I've been on the lookout for the right type of investment for me after I sold some shares and want to put my savings to work. After seeing Mark Shipman on the Late Late show ([broken link removed]) I agree that there is serious money to be made from emerging markets like China etc and commodites look very interesting. I bought his book yesterday and hope read it this weekend, but wanted to see if anyone here wants to throw in their two cents, and if anyone can point me to some good sites to learn more about commodities.

Just found precious thread on Mark Shipman here


----------



## joe sod (12 May 2007)

*Re: Commodities for Beginners???*

I saw the show myself and was very impressed with mark shipman, I have also just bought the book, apparently it is flying out of the bookstores. I have been invested in oil companies and agricultural companies for the last few years and have done well. There are a few websites which got be onto it moneyweek.com being one althought to get the juicy information you have to subscribe although they have alot of excellent free stuff aswell, gold.ie is an excellent irish one specialising in gold and silver investments but also has excellent international articles on commodity investing and financial information. There is very little in the irish media or stock market on commodities so you will be investing and researching abroad.


----------



## dunkamania (12 May 2007)

*Re: Commodities for Beginners???*



colly said:


> I agree that there is serious money to be made from emerging markets like China etc and commodites look very interesting



There is serious money to be lost also.

Jim Rogers has a good book on the subject Hot Commodities: How Anyone Can Invest Profitably in the World's Best Market.


----------



## room305 (12 May 2007)

*Re: Commodities for Beginners???*

Just remember that the top of both the US real-estate and tech-stock booms were marked by the emergence of books purporting to help the ordinary investor "get in on the action".

The commodity bull market has been running since late-2001, during which time oil prices have increased over 300%.

Be sure to satisfy yourself that you are not engaging in the commodity equivalent of paying $800 a share for Nortel shares in March 2000.


----------



## Nov Investor (22 May 2007)

*Re: Commodities for Beginners???*

Colly,

I would be interested in what you think of the book. I have to say I was also impressed with MarK Shipman on the Late Late Show, but would also be very cautious, hence agreeing with some of the other posts as well.

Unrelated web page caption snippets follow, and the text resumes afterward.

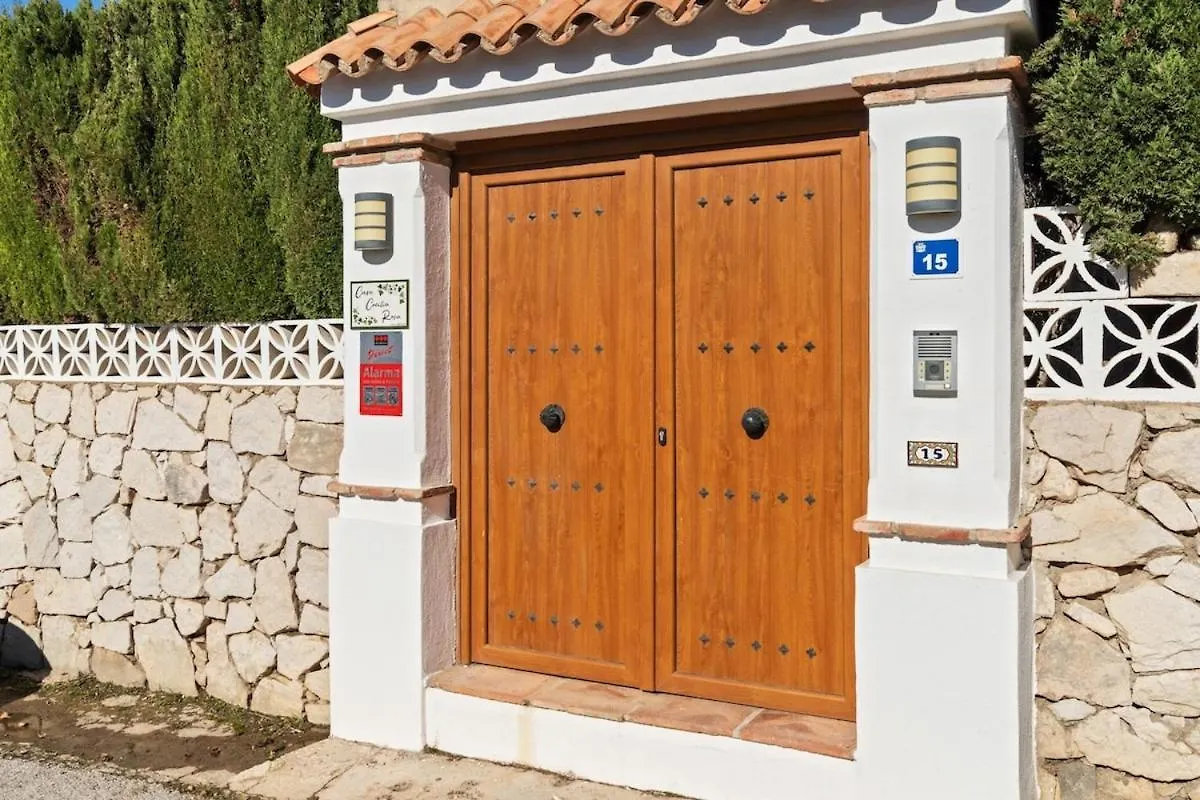 Villa Cecilia Rosa, Your Mijas Sanctuary Rdr457 Spanje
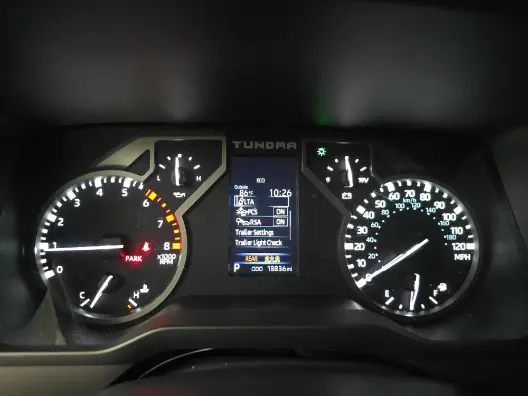 Florida Fine Cars - Used TOYOTA TUNDRA 4WD 2024 MIAMI SR5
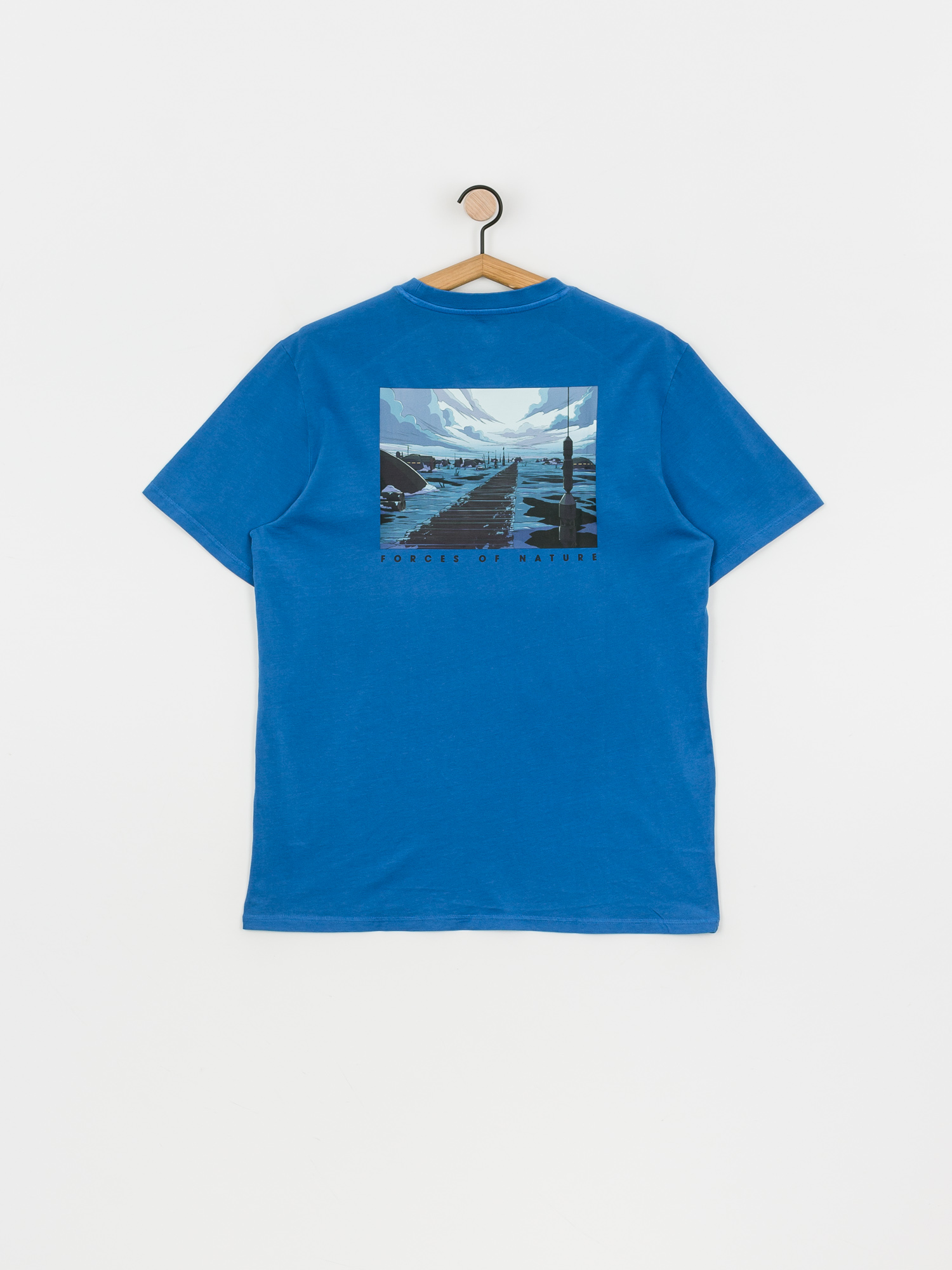 Tričko Element X Star Wars Water (deep water)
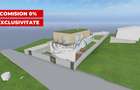 Exclusivitate 0% comision - Teren cu autorizatie pentru casa cu piscina - 7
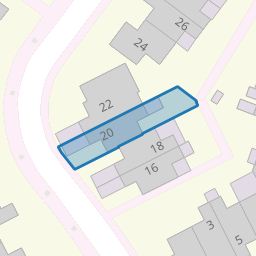 Perceel SBK03-C-1288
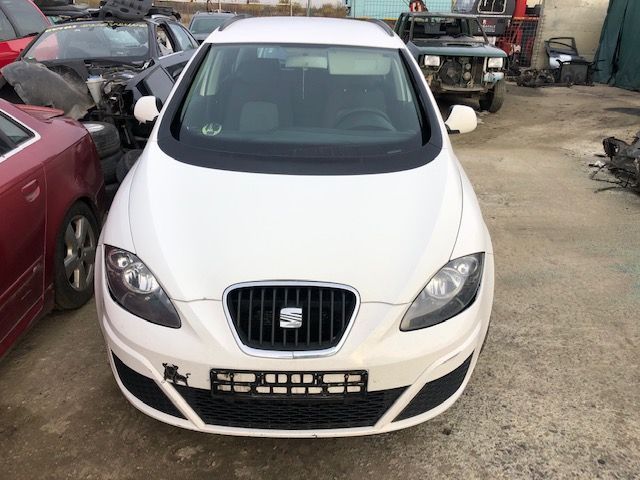 Dezmembrez Piese Seat Altea XL an 2010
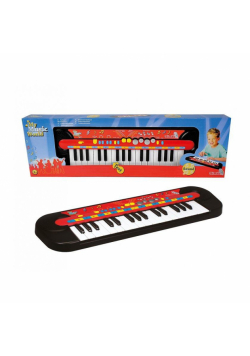 MMW Keyboard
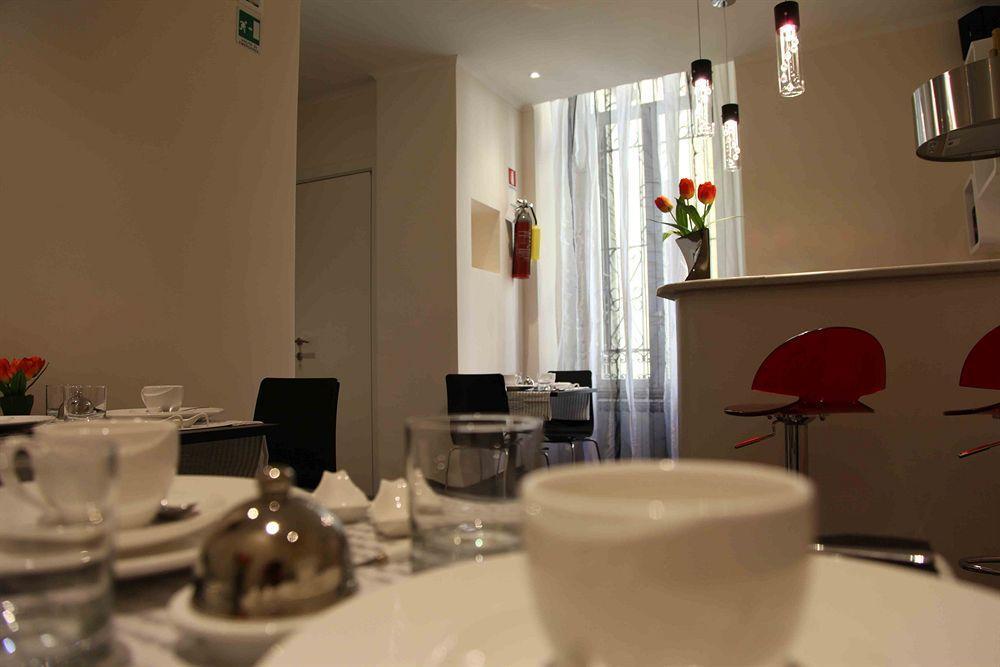 Domus Via Veneto Bed & Breakfast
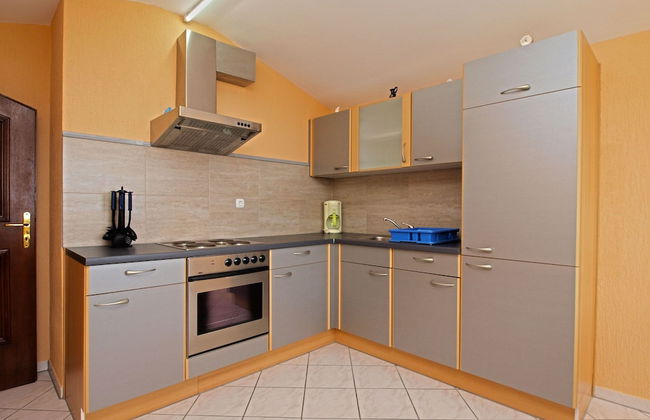 Apartment Denis 19 - Foto 26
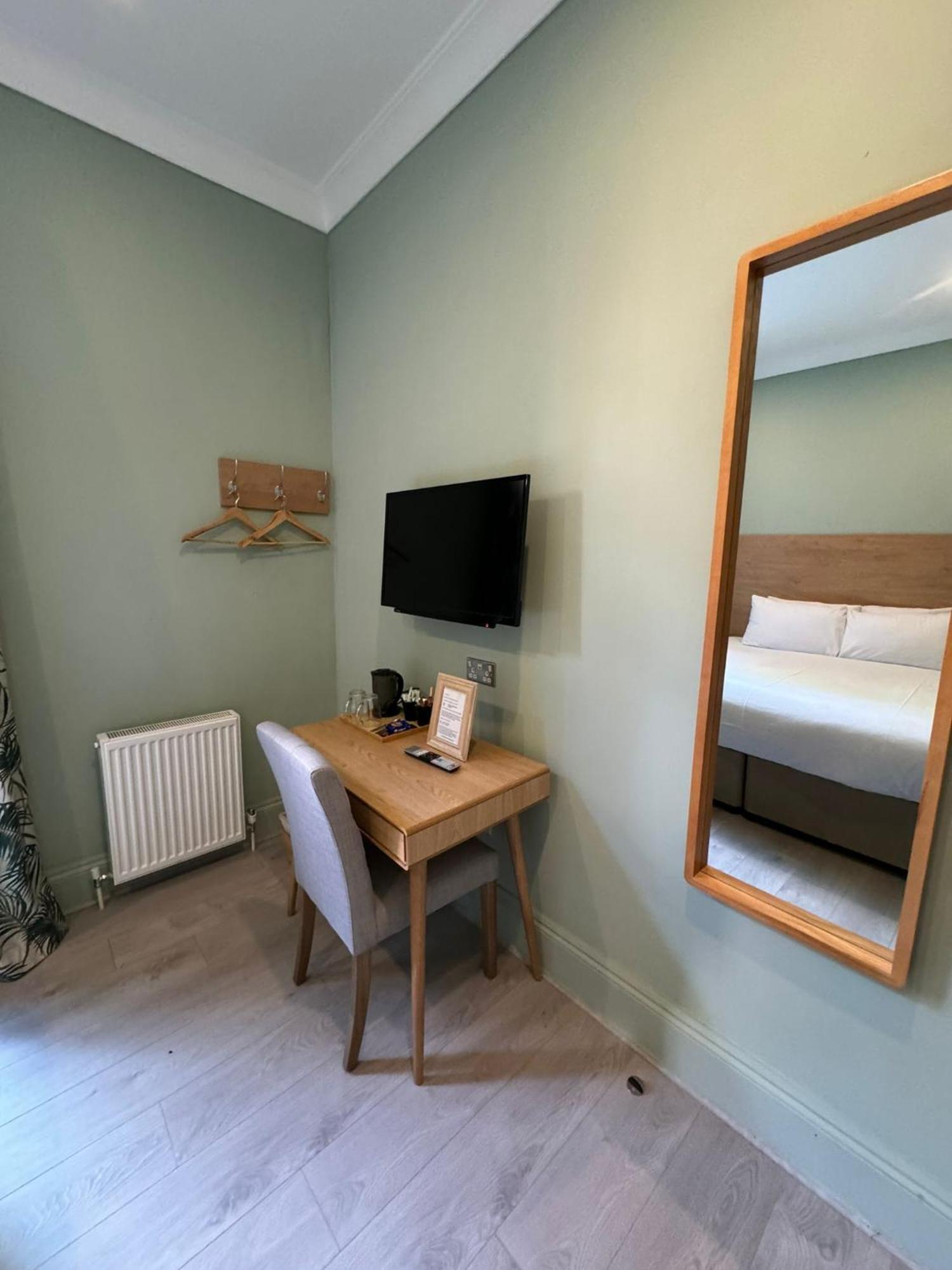 Marldon Olympia Hotel Λονδίνο Εξωτερικό φωτογραφία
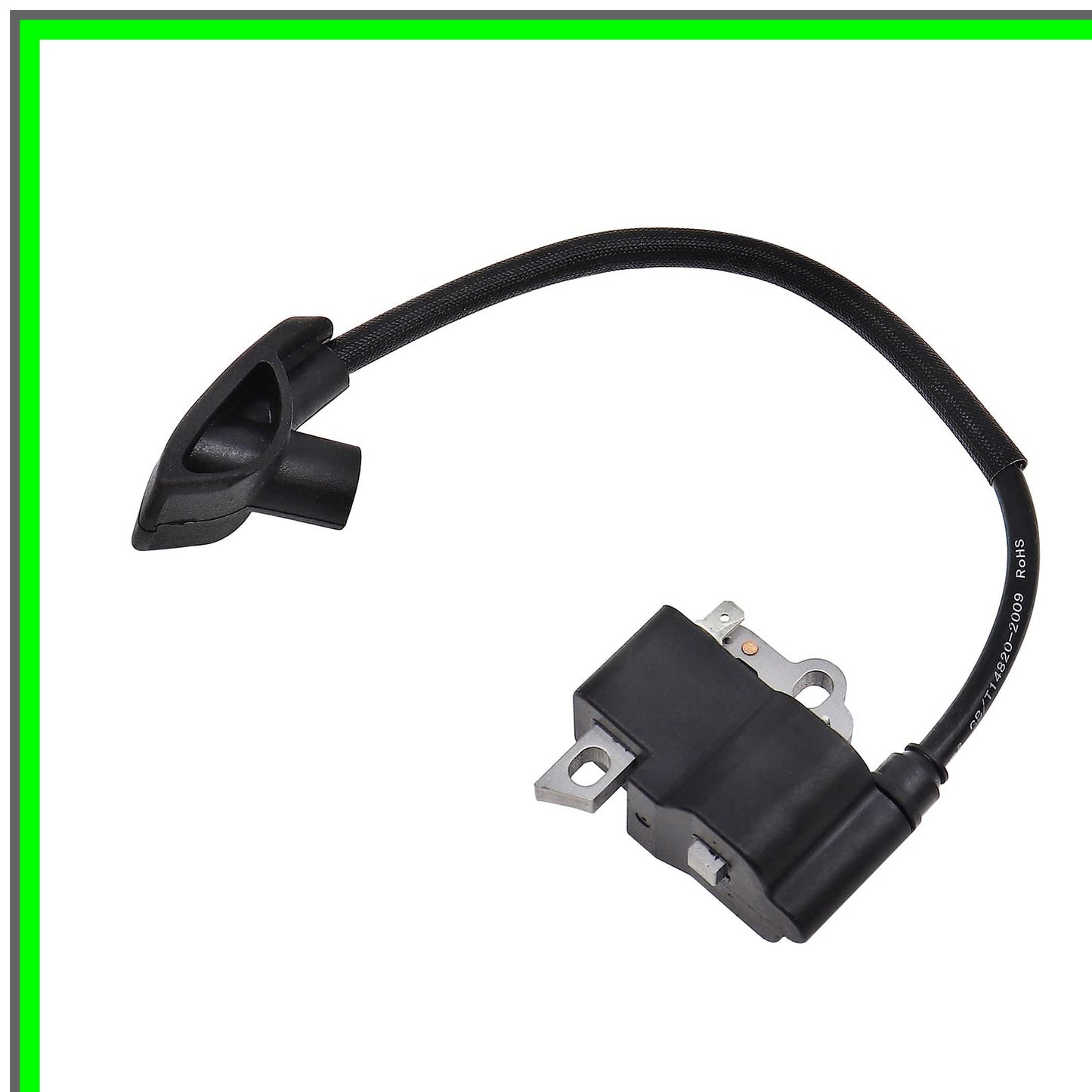 Stihl Backpack Blower Ignition Coil Replacement 4244 400 1303 4244 400 1307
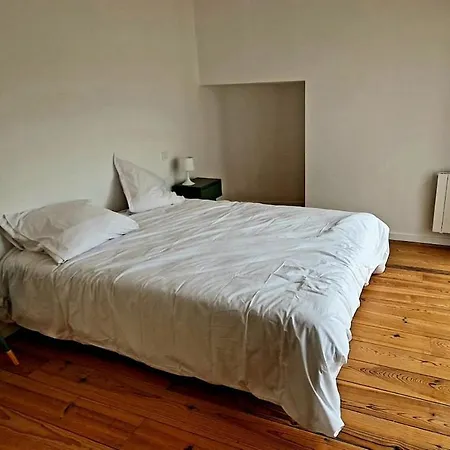 Maison Jade, Wifi, Terrasse, Barbecue, 10 Couchages La Rochelle (Charente-Maritime)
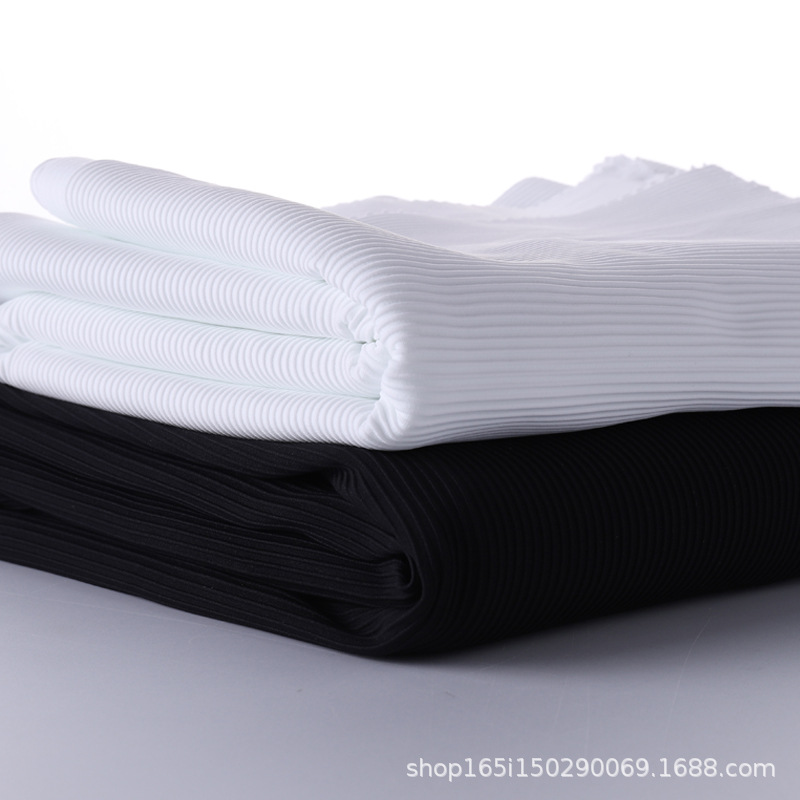 其他针织面料实物图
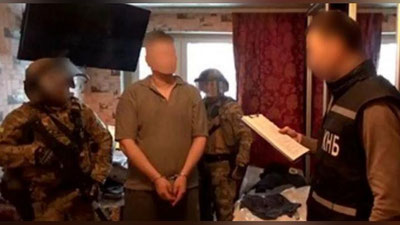 Изрображение 'КНБ Казахстана задержан агент иностранной разведки: он планировал покушение на Токаева (видео)'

Post back and let us know what you thought of the book.


----------



## Del3D (22 May 2007)

I have investigated the commodity market, particularly in relation to agriculture (particularly sugar, cotton, grains and coffee) and there does appear to be some opportunity for a diversified portfolio. I have read Shipman’s book and Jim Rodgers’ book and would like to balance my equities with some commodities. I would like to invest €5k to €10k initially across several of these commodities.

  I have an Interactive Brokers account and I have investigated the following and would appreciate feedback:

*Futures contracts *– probably the best, but out of my league. You would need to spend a minimum of $10-$15k for the commodities above. Crude oil is traded in 1,000 barrel contracts… a nice $66,000 purchase.

*Exchange Traded Commodities* – I hold some of these e.g. Deutche Bank ETC baskets (DBA, DBC) which is performing as I would expect. However, ETF securities on the LSE are not performing as well as I would have expected.  These ETFs invest in futures and have to roll contracts; dealing with contango (longer-dated futures are more expensive than near-month contracts) in a very basic fashion - see USO (United States Oil) Fund for example poor performance. However, I am continuing to build my investments here.

*Spread Trading/Betting Commodity spot price *– This was recommended in Shipman’s book. I have never liked the idea of spread trading, but I am open to all ideas. 


  I would be interested in people’s experience in spread betting commodities:

  -Can you roll your bet from quarter to quarter – taking a long term position? i.e. 5 years + 
  -What are the commissions percentages like over an annual period? 
  -Who is the best spread betting provider for this type of operation?
  -Any other information?


----------



## Hippo (22 May 2007)

IG Index offer spreads on a fairly limited number of commodity futures, and it is possible to roll over your position. European/UK opportunities in this field seem few and far between, certainly compared with what's available in the States. However, the Shipman and Rogers books might make commodities a bit sexier over here, and the opportunities may increase.


----------



## room305 (22 May 2007)

Del3D said:


> *Futures contracts *– probably the best, but out of my league. You would need to spend a minimum of $10-$15k for the commodities above. Crude oil is traded in 1,000 barrel contracts… a nice $66,000 purchase.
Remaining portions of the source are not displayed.